Try it » Copy, exactly and without additions, every line in the records below from the one holding "Вилка каучукова кутова" through the one holding "Unisex V-Neck T-Shirt", both ends included.

*** Dataset content Section Begins ***

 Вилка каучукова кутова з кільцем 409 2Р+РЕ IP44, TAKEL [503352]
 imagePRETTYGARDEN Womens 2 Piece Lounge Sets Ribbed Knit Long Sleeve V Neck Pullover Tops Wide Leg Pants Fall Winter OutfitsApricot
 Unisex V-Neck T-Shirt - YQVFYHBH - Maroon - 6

*** Dataset content Section Ends ***
*** Dataset content Section Begins ***

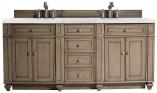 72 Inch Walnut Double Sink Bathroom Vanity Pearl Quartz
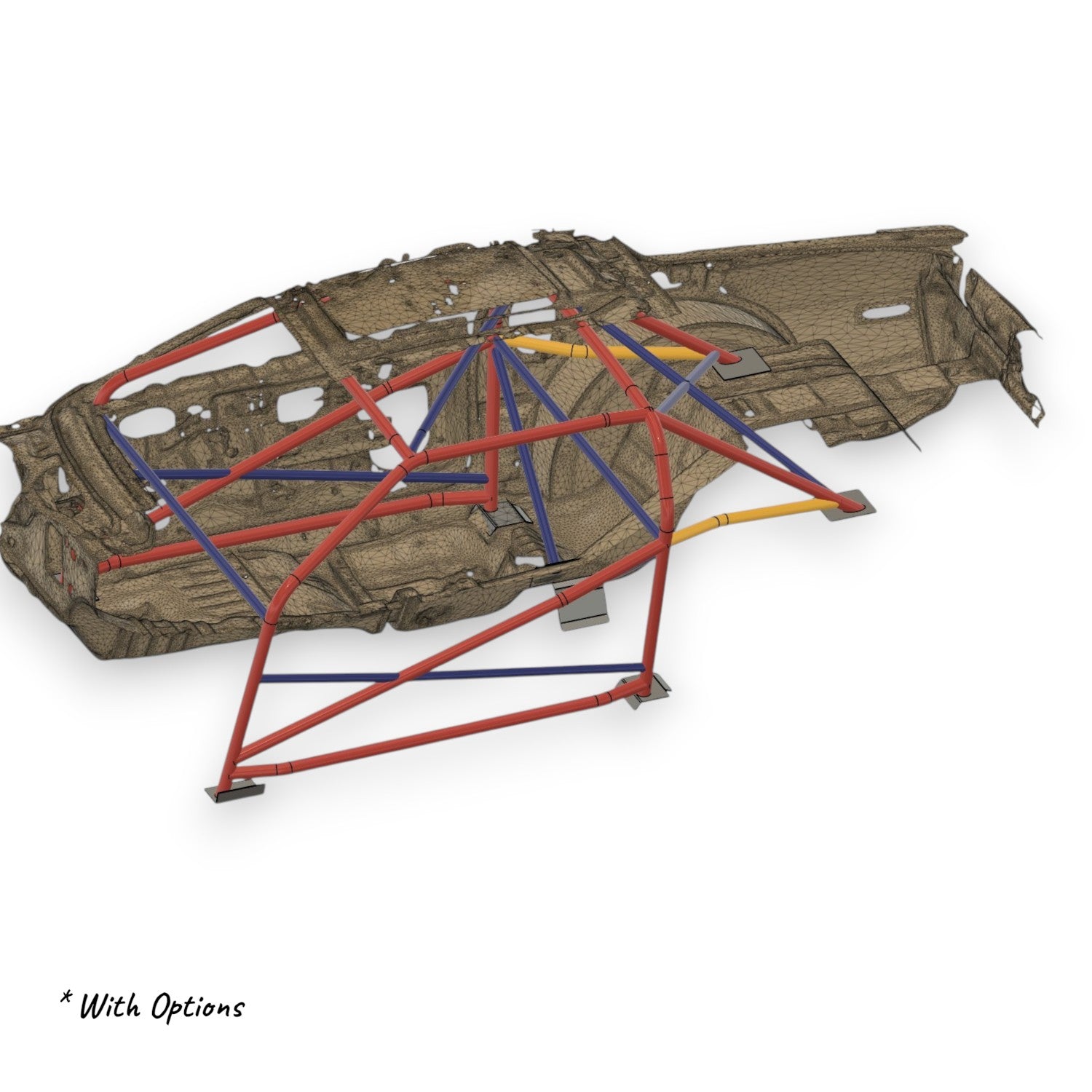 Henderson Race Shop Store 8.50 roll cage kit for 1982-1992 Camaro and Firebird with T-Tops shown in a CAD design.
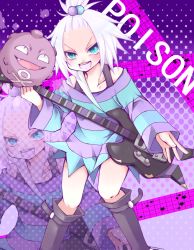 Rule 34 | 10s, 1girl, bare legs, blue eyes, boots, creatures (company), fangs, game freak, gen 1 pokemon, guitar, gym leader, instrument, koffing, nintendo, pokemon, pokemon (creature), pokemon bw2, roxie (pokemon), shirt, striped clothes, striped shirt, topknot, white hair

*** Dataset content Section Ends ***
*** Dataset content Section Begins ***

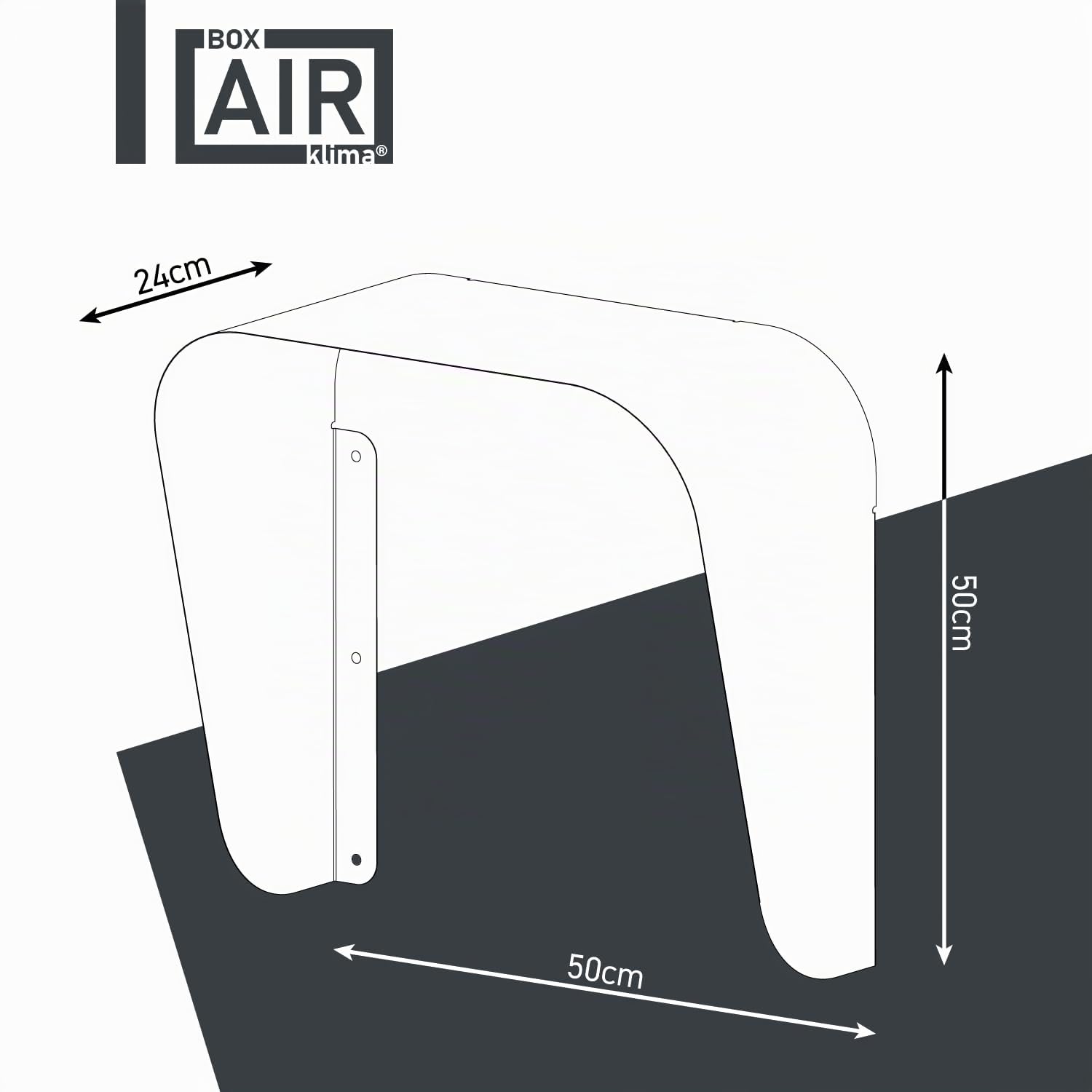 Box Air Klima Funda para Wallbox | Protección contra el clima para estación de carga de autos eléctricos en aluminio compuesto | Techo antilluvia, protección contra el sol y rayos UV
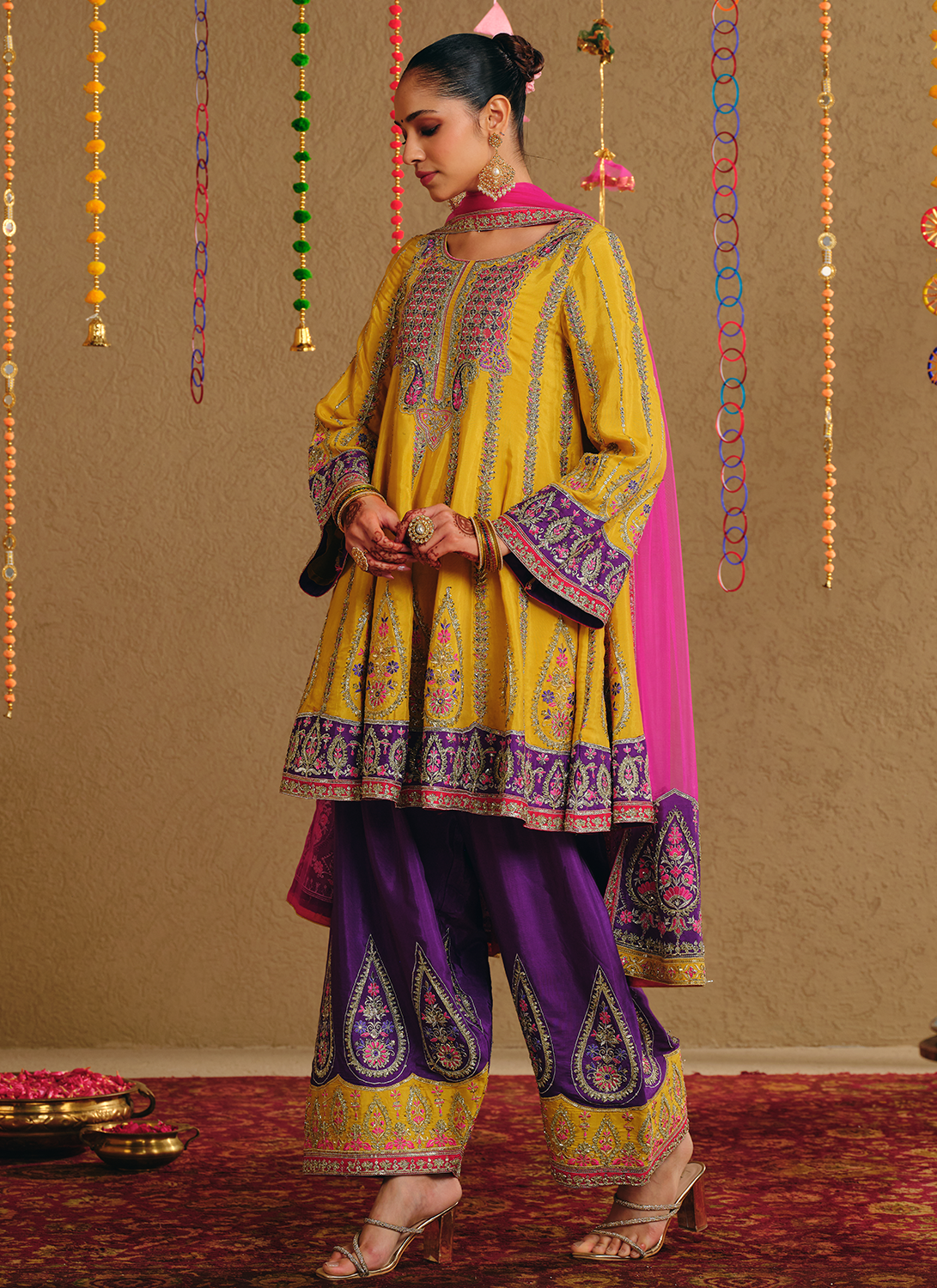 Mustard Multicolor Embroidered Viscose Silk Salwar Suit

*** Dataset content Section Ends ***

Answer below »
 Вилка каучукова кутова з кільцем 409 2Р+РЕ IP44, TAKEL [503352]
 imagePRETTYGARDEN Womens 2 Piece Lounge Sets Ribbed Knit Long Sleeve V Neck Pullover Tops Wide Leg Pants Fall Winter OutfitsApricot
 Unisex V-Neck T-Shirt - YQVFYHBH - Maroon - 6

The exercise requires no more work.